J’encourage les gouvernements à soutenir les cultivateurs de tabac dans la transition vers des cultures alternatives. Pour cela, il convient de supprimer les subventions accordées à la culture du tabac et de consacrer les fonds alors épargnés à des programmes de substitution de cultures visant à améliorer la sécurité alimentaire et la nutrition. La substitution de la culture du tabac par la culture de cultures vivrières nutritives donne la possibilité de nourrir des millions de familles et d’améliorer les moyens de subsistance des communautés agricoles en Afrique.
De telles initiatives permettent également de lutter contre la désertification et la dégradation de l’environnement, de sensibiliser les communautés de cultivateurs de tabac aux avantages de la culture durable et de mettre en évidence les efforts entrepris par les producteurs de tabac pour empêcher la mise en place de moyens de subsistance durables dans la Région africaine.

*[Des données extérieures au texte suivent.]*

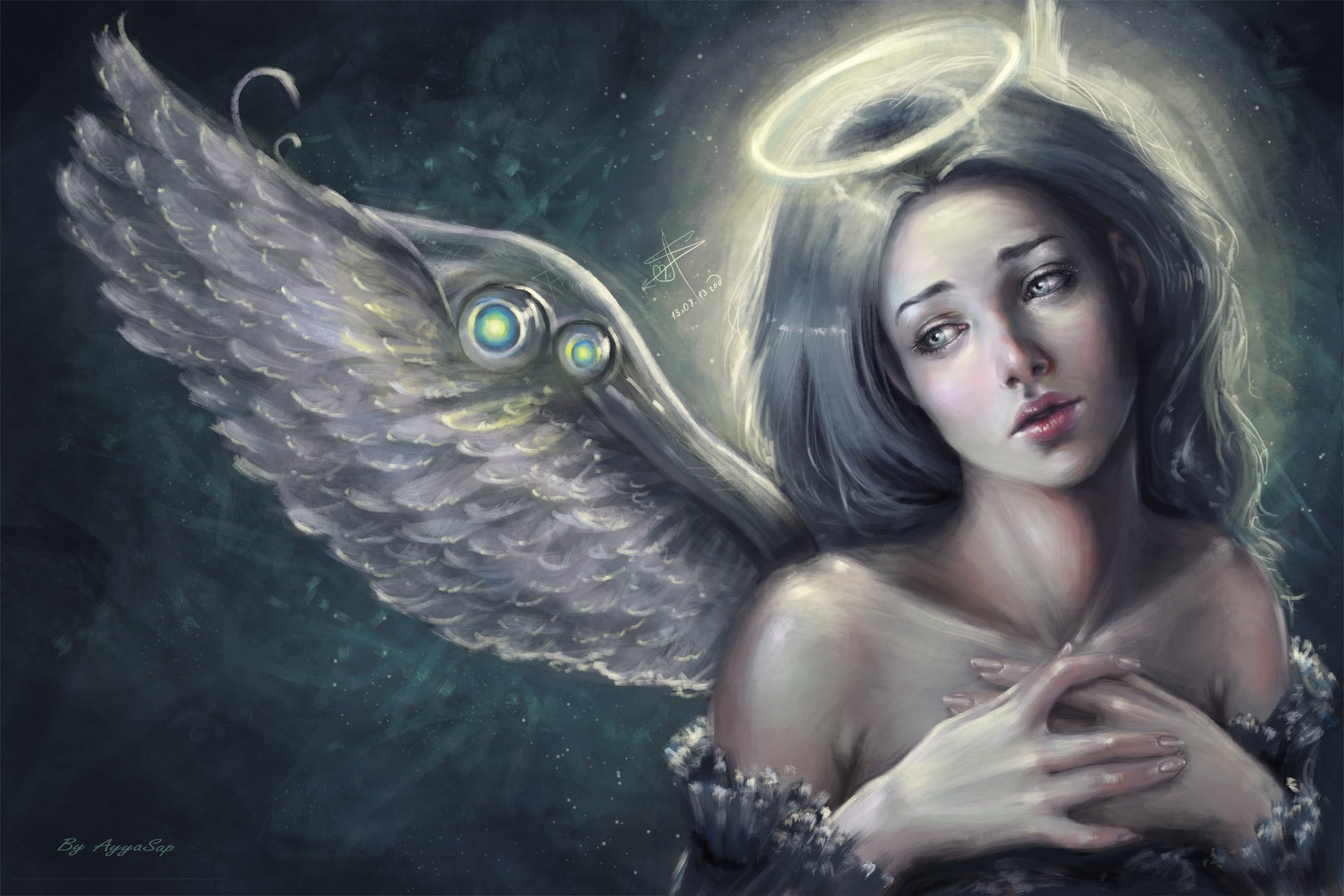 fantasie kunst engel mädchen gesicht blick flügel nimbus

Enfin, nous exhortons les pays producteurs de tabac de la Région africaine à accélérer la mise en œuvre des articles 17 et 18 de la Convention-cadre de l’OMS pour la lutte antitabac. À cet effet, ces pays doivent non seulement adopter une réglementation, élaborer et mettre en œuvre des politiques et des stratégies appropriées mais aussi créer des conditions favorables à la reconversion des producteurs de tabac vers des cultures de subsistance. Cette transition leur garantirait, à eux-mêmes ainsi qu’à leurs familles, une vie plus saine, sans pour autant nuire à l’environnement et à la santé des populations.
Cette démarche permettra de cultiver les denrées alimentaires, indispensables aux populations, plutôt que du tabac.